On October 8th, our parish will celebrate the Feast of Francis of Assisi with a blessing of animals after the 11:00 am mass. On that day, we will give thanks to God for our animal companions.
We will also remember our beloved pets who are no longer with us. Many people wonder about what happens to our pets that have died. Is there such a thing as heaven for our pets? Do pets go to heaven?
The traditional theological view is that animals lack immortal souls, and thus they do not go to heaven. According to this view, animals (as opposed to human beings) are not created in the image and likeness of God. As a result, they have only mortal souls and do not have eternal life.
More recently, however, some theologians have suggested that animals might in fact share in God’s eternal life. They have pointed to biblical passages that describe the redemption of all creation – human and non-human – at the end of time. See, for example, Isaiah 11:6-9 (the wolf will live with the lamb) and Ephesians 1:8-10 (all things in heaven and on earth will be gathered up in Christ).
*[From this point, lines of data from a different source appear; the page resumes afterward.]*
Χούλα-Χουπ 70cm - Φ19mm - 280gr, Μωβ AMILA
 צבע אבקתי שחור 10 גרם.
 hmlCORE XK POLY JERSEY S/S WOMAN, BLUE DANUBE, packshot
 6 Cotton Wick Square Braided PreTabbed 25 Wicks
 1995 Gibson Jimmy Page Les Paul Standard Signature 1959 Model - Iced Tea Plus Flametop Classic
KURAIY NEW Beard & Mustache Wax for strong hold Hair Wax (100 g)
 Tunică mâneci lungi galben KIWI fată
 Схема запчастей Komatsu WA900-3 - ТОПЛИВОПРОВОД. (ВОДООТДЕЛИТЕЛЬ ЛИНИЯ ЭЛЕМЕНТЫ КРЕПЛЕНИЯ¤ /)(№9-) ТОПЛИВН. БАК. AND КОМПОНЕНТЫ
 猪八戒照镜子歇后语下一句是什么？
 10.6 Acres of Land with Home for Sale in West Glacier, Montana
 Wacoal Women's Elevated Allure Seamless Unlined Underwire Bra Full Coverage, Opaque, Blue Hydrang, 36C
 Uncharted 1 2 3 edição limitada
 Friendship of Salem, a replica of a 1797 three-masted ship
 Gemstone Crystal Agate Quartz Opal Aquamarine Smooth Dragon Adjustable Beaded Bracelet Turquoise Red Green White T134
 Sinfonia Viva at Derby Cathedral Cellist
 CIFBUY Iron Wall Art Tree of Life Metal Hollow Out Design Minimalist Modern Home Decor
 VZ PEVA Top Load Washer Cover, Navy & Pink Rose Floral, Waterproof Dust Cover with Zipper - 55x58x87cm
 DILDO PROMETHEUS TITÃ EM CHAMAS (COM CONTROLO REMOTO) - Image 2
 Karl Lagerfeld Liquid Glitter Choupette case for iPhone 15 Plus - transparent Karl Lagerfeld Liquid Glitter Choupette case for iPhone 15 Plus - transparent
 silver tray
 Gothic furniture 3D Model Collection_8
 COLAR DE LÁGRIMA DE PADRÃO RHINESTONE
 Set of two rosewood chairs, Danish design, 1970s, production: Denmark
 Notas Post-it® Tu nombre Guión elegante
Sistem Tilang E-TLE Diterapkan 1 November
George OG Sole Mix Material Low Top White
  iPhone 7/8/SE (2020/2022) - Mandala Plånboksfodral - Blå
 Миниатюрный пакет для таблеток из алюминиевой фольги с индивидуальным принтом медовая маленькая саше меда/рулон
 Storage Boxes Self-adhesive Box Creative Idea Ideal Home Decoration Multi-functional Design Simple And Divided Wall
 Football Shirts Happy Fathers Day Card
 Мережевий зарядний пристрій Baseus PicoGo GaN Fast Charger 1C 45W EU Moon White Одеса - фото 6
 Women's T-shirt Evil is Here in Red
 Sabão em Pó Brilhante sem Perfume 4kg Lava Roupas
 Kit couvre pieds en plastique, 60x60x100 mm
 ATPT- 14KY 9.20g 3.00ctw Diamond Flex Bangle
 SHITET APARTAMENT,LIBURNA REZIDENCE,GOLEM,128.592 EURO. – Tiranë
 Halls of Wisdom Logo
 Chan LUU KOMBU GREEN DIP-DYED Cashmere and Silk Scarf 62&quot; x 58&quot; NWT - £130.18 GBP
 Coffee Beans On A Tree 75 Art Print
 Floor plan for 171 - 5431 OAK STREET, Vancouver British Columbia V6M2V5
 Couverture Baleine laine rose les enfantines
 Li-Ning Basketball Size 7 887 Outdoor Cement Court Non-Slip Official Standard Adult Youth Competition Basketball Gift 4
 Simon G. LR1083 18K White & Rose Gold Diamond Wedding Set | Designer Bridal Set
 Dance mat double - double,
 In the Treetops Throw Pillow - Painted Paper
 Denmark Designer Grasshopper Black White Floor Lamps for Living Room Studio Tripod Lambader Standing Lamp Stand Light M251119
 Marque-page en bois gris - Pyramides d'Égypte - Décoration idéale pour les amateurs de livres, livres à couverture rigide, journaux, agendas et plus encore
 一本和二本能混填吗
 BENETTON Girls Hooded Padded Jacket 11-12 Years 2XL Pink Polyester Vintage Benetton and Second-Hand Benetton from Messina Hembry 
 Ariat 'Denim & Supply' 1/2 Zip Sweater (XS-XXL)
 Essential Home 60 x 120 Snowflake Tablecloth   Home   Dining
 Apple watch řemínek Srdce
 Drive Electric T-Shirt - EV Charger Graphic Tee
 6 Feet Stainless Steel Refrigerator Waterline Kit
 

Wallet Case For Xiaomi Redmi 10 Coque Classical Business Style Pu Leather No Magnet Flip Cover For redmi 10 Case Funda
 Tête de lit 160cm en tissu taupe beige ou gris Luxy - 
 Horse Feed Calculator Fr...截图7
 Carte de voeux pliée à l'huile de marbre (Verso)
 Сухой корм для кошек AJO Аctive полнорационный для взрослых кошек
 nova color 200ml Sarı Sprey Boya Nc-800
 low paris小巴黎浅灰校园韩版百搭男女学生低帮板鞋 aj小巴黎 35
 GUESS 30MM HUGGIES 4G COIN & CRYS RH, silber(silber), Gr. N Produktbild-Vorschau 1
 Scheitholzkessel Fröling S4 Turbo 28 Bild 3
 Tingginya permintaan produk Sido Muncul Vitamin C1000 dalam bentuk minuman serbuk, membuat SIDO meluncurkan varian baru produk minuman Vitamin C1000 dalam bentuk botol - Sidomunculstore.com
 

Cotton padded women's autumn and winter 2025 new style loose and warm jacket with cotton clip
Similarly, in 2012, the governing body of the Episcopal Church authorized liturgical materials to be used at a service for the loss of a beloved animal. During the service, the officiant asks God to “give us faith to commit this beloved creature of your own making to your care, for you live and reign for ever and ever.” See General Convention Resolution 2012-A054.
The words of this liturgy give me the hope that, one day, we will be reunited with our animal companions under the eternal care of God. Although we cannot have absolute certainty about this, we can hope that God’s love for all creation is so strong that it will overcome the pain of separation and death.
In my own view, heaven would not be, as the catechism in the Book of Common Prayer puts it, “eternal life in our enjoyment of God” without the presence of our beloved animal companions. See BCP 862. And so, I fervently hope that pets do in fact go to heaven.